Give yourself some extra time
If you know you want to get eight hours of sleep and you have to get up at 7 a.m., going to bed at 10:55 p.m. isn’t the best idea. When you tell your brain it has to fall asleep right away, it is more likely to become stressed and unable to relax into sleep. But if you turn off the lights and get into bed with a half-hour to spare, your body will have more time to unwind without the pressure of needing to fall asleep immediately. This additional time is also a good opportunity to breathe evenly and deeply to help coax yourself into slumber earlier.
Imitate your dreams
Often when we are stuck awake, we start thinking about the following day’s events. We plan out what we’ll wear, what conversations we’ll have and which problems we’ll tackle. Although our intentions are good, focusing on everything we need to do can cause our minds to stress out. When the brain is stressed, we become more alert, and the chances of falling asleep are pushed even farther away. Instead of focusing on reality, try to simulate your dreams. Our dreams are often random — one night one might feature a squirrel talking to a beaver, and the next, you’re discovering a mysterious castle. By imagining scenes in which you have no emotional investment, you can sometimes trick your body into calming down and letting you fall into real dreamland.

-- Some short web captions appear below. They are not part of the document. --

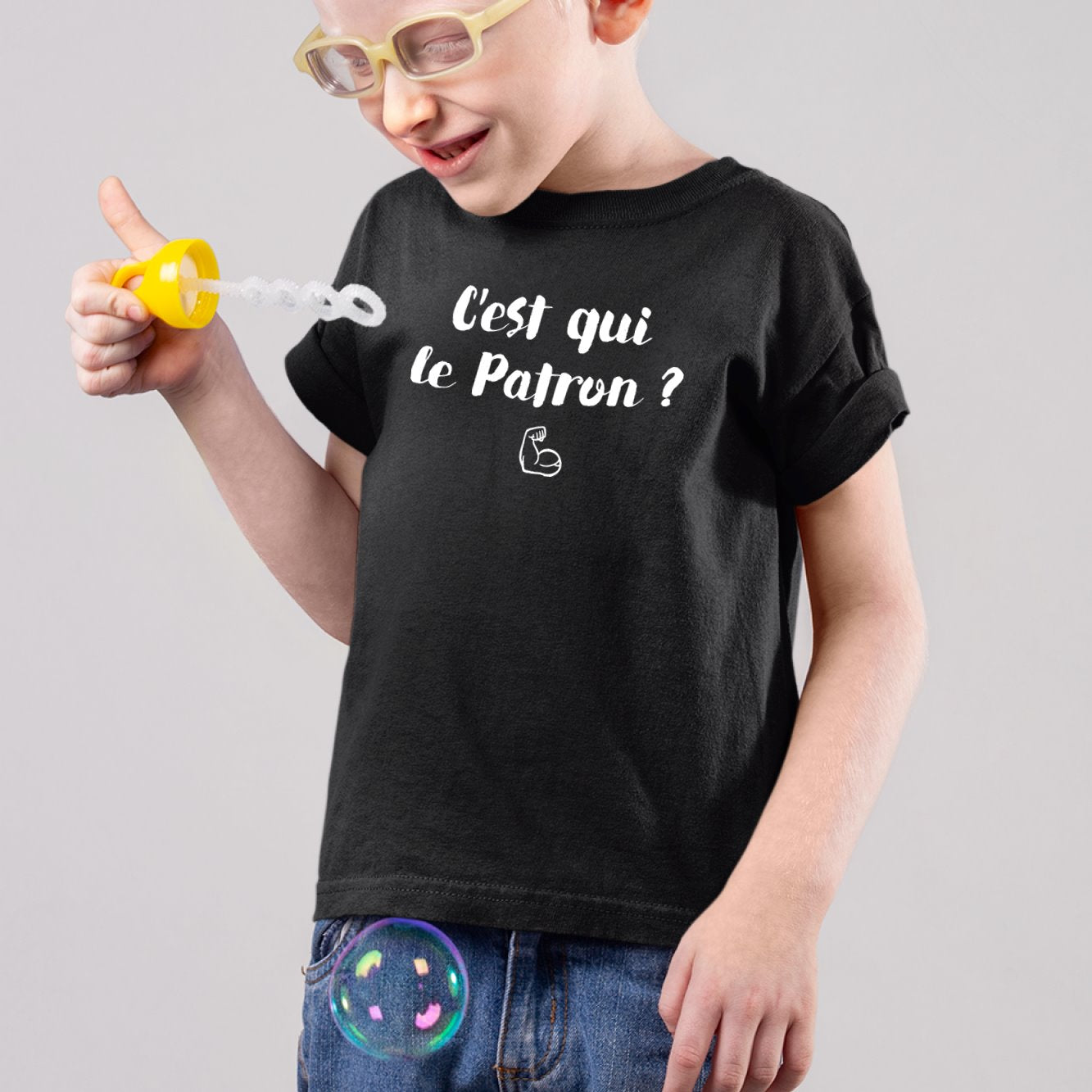 T-Shirt Enfant C'est qui le patron Noir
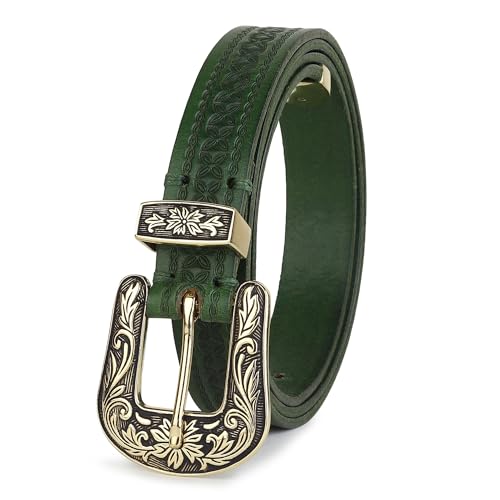 Image of 25mm Genuine Leather Waist Belt for Women - Fancy Vintage Buckle Belt For Jeans | Stylish Adjustable Party Belt For Ladies /Girls /Women | Waist Size 28-44 Inches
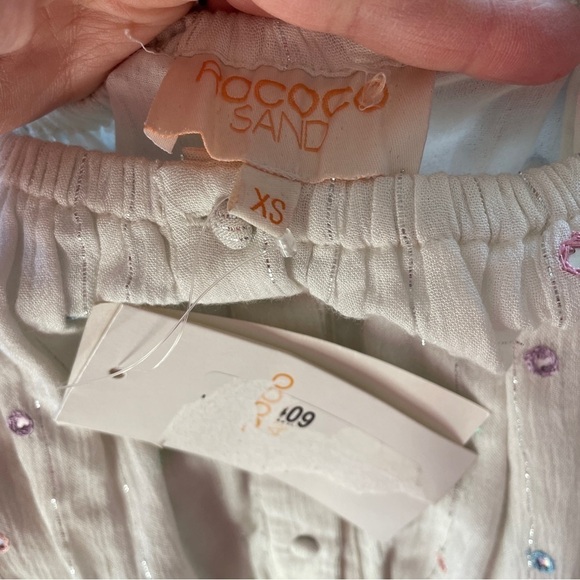 Rococo Sand Embellished Plissé Cropped Top Off White Size XS - Picture 9 of 13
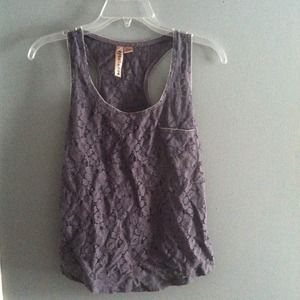 Gray Laced And Beaded Tank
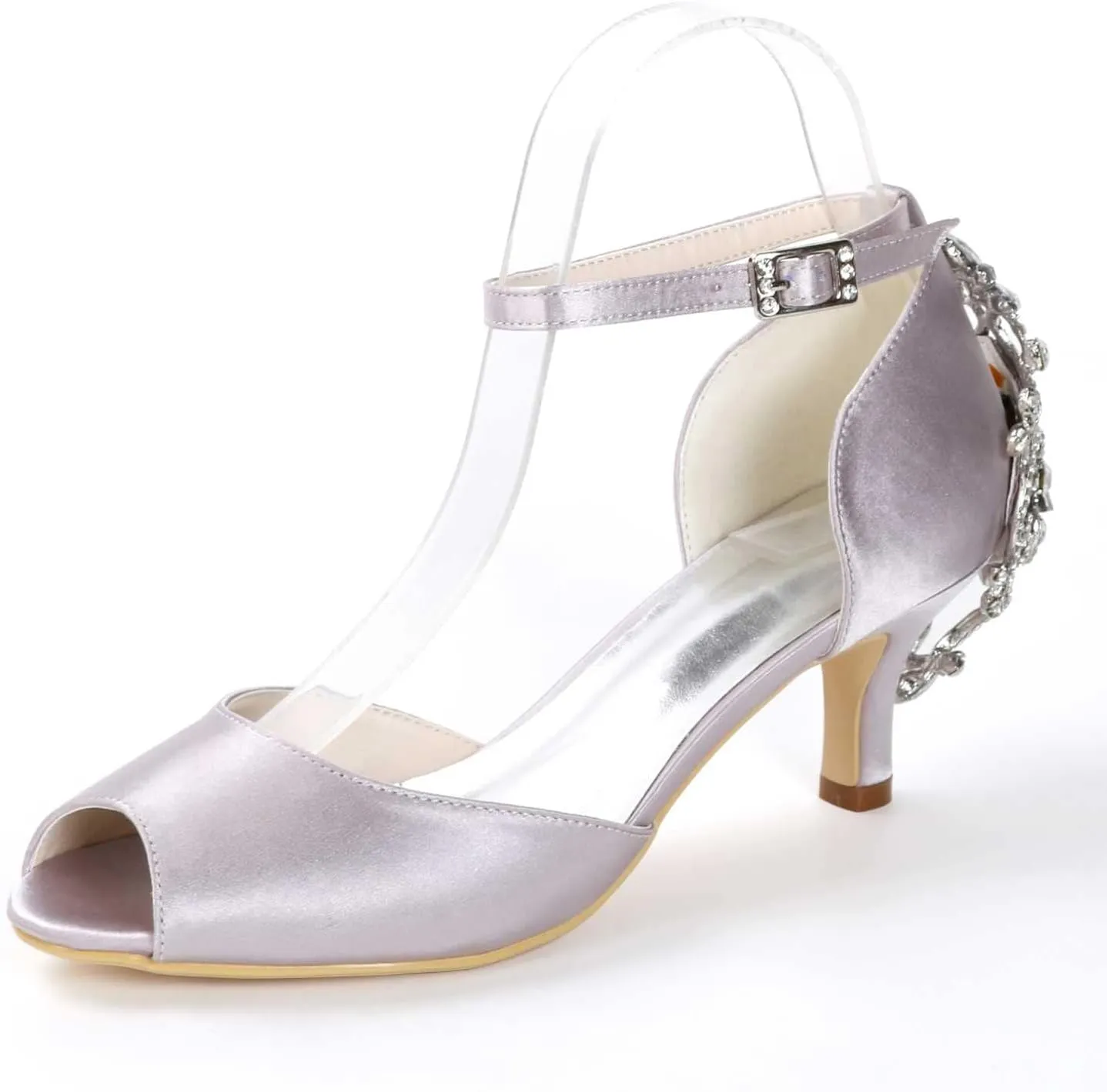 Women's High Heel & Kitten Heel Buckle Shoes - Rhinestone Accented, Open Toe Pumps | Perfect for Parties, Weddings & as Gifts
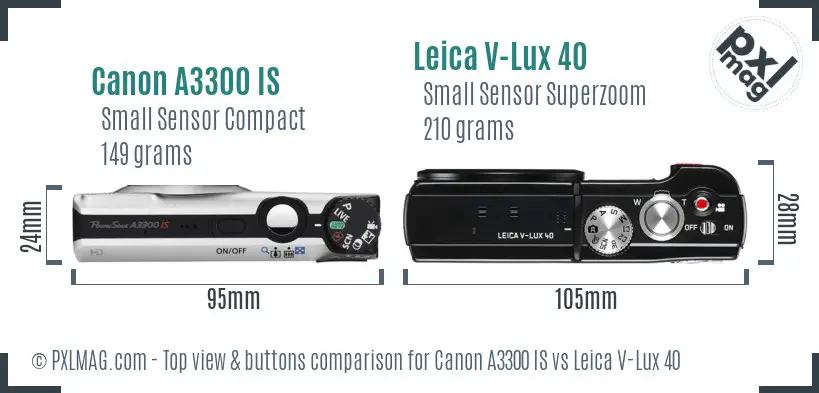 Canon A3300 IS vs Leica V-Lux 40 top view buttons comparison
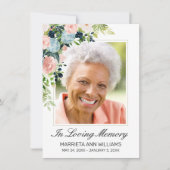 メムアルエレガントブルーのピンクのローズフローラ写真 サンキューカード (正面)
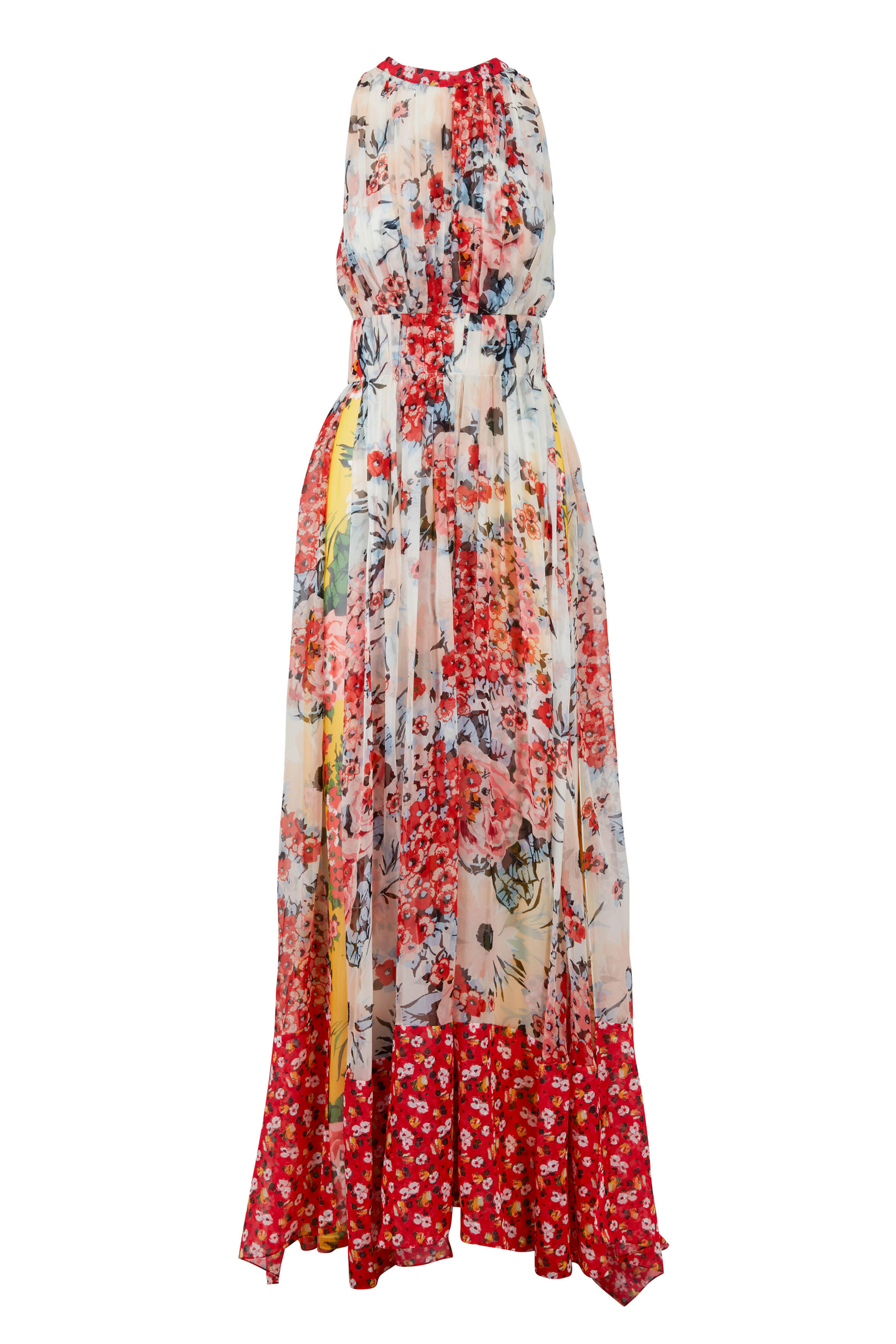 Carolina Herrera - Multicolor Floral Print Chiffon Maxi Dress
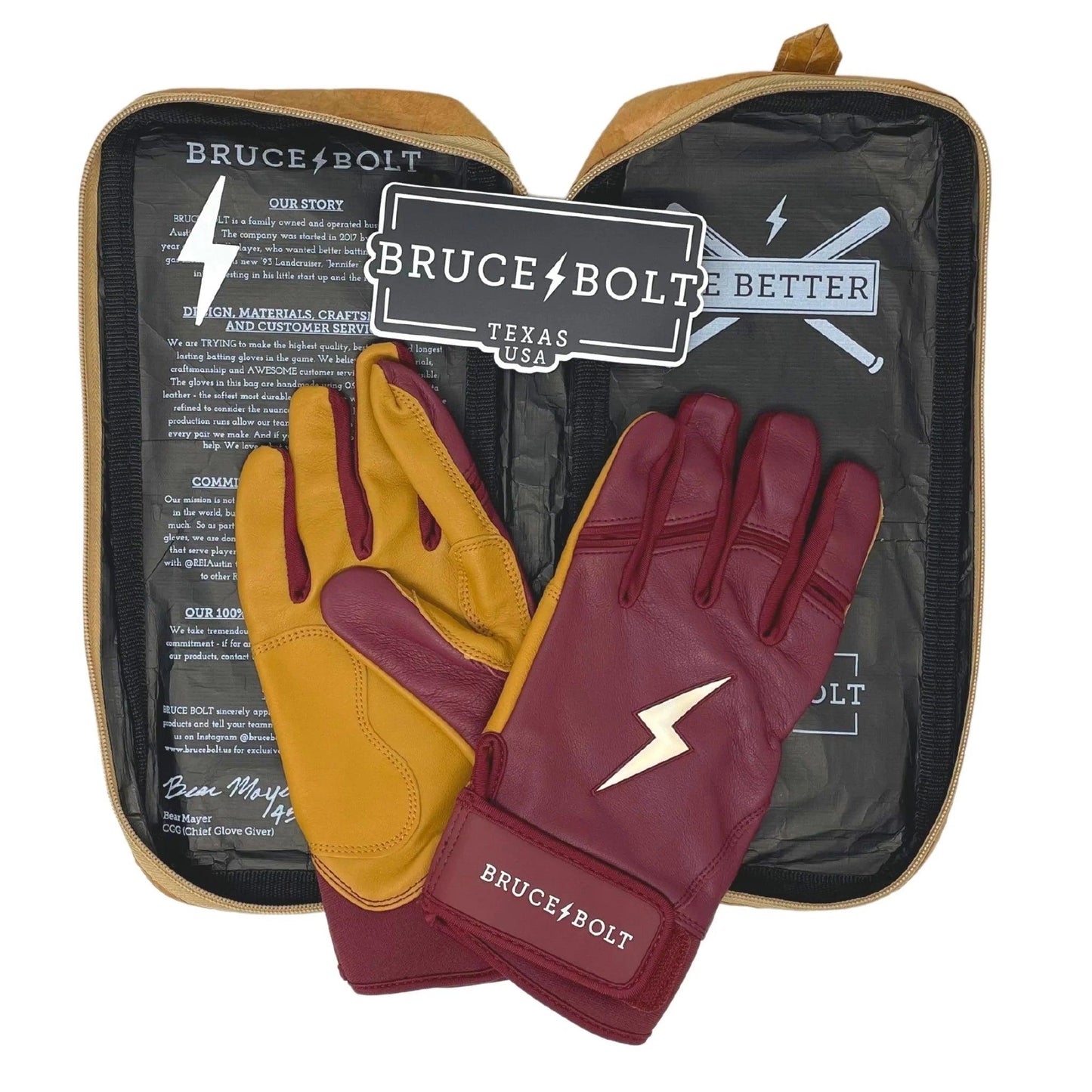 Bruce Bolt PREMIUM PRO Short Cuff Batting Gloves: Maroon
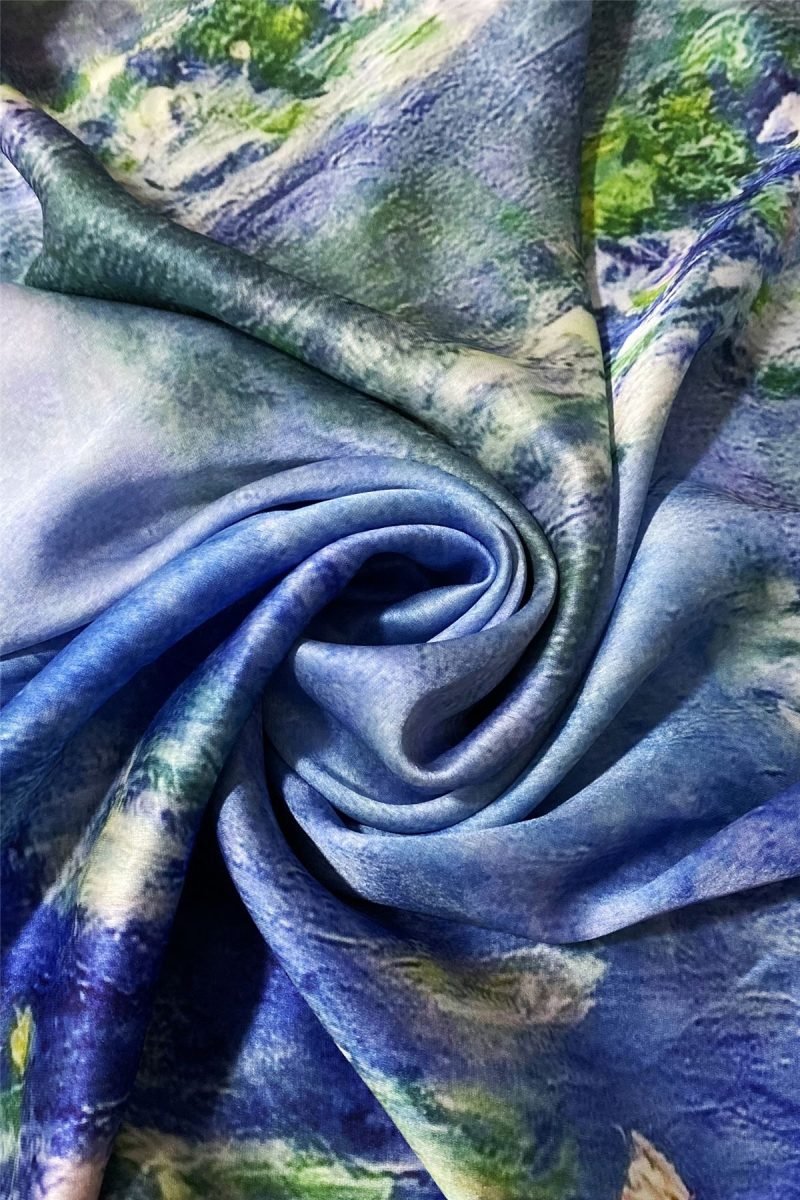 claude monet water lilly print scarf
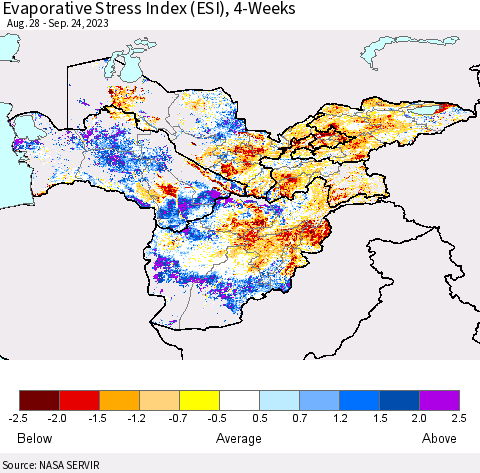 Central Asia Evaporative Stress Index (ESI), 4-Weeks Thematic Map For 9/18/2023 - 9/24/2023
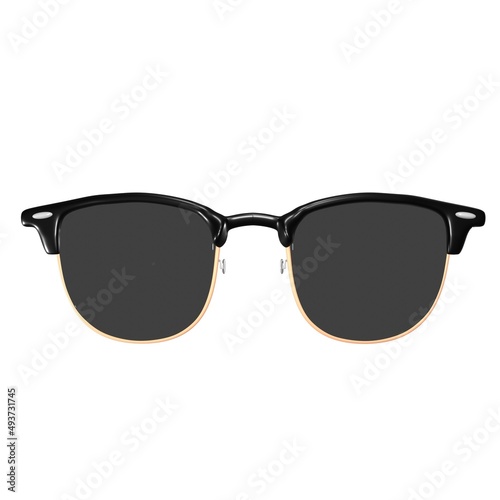 Oval sunglasses with black frames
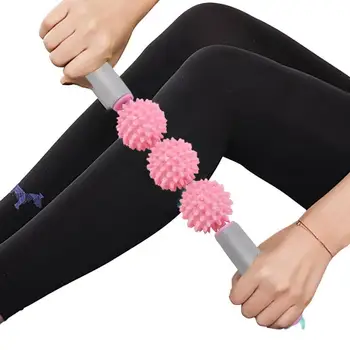 Стержень для расслабления мышц, Роликовая массажная палочка для йоги, мужская и Женская Массажная палочка с шариками-ежиками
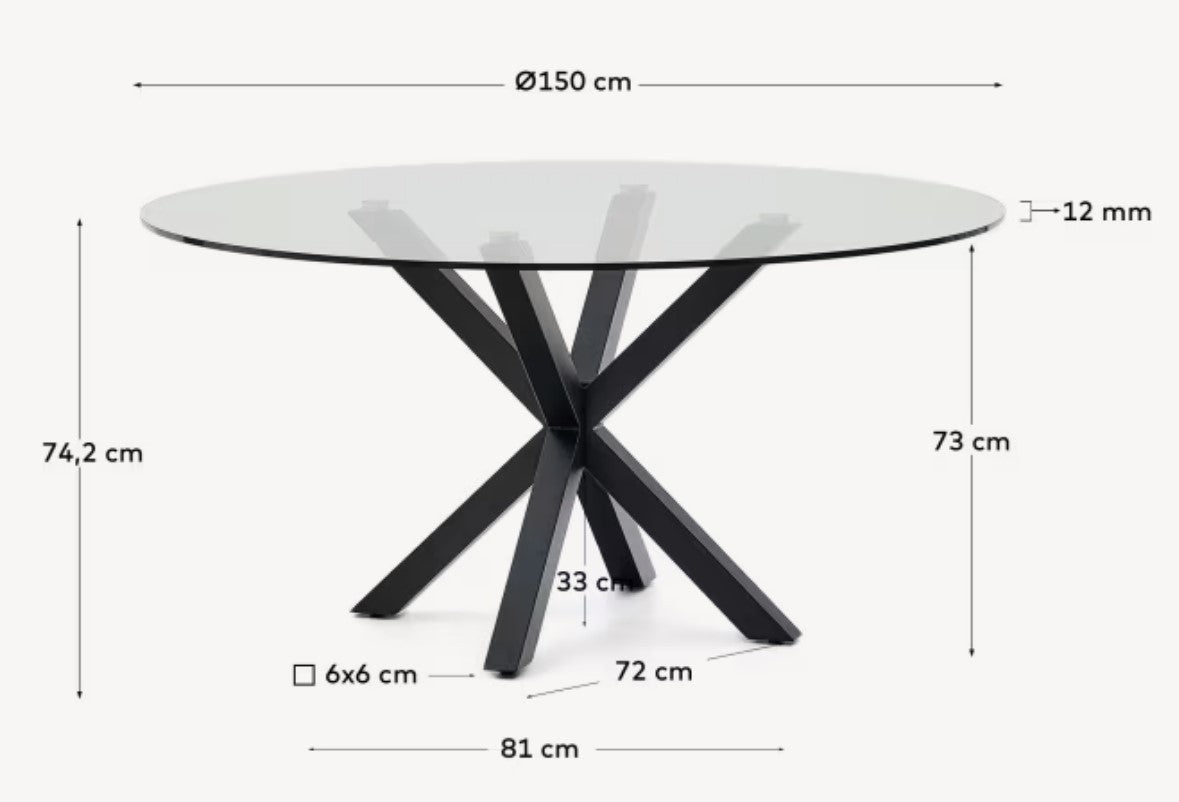 Mesa De Comedor Tablero Redondo De Vidrio Patas Negras De Metal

Find your perfect your temperature
Some people sleep better when they’re warm, while others prefer to be a little cooler. No matter which side of the spectrum you fall at, keeping your body at a comfortable temperature is a key element for falling asleep. If your body isn’t comfortable, you may spend the majority of the night kicking off covers and then pulling them back on. Before you settle in for the night, assess the room’s temperature, and pick the pyjamas and covers you feel are most appropriate. If at any time you find yourself either too hot or too cold, change your pyjamas or find a different blanket. Getting up to do this may be frustrating, but it could mean the difference between a night of tossing and turning and one of solid, quality sleep.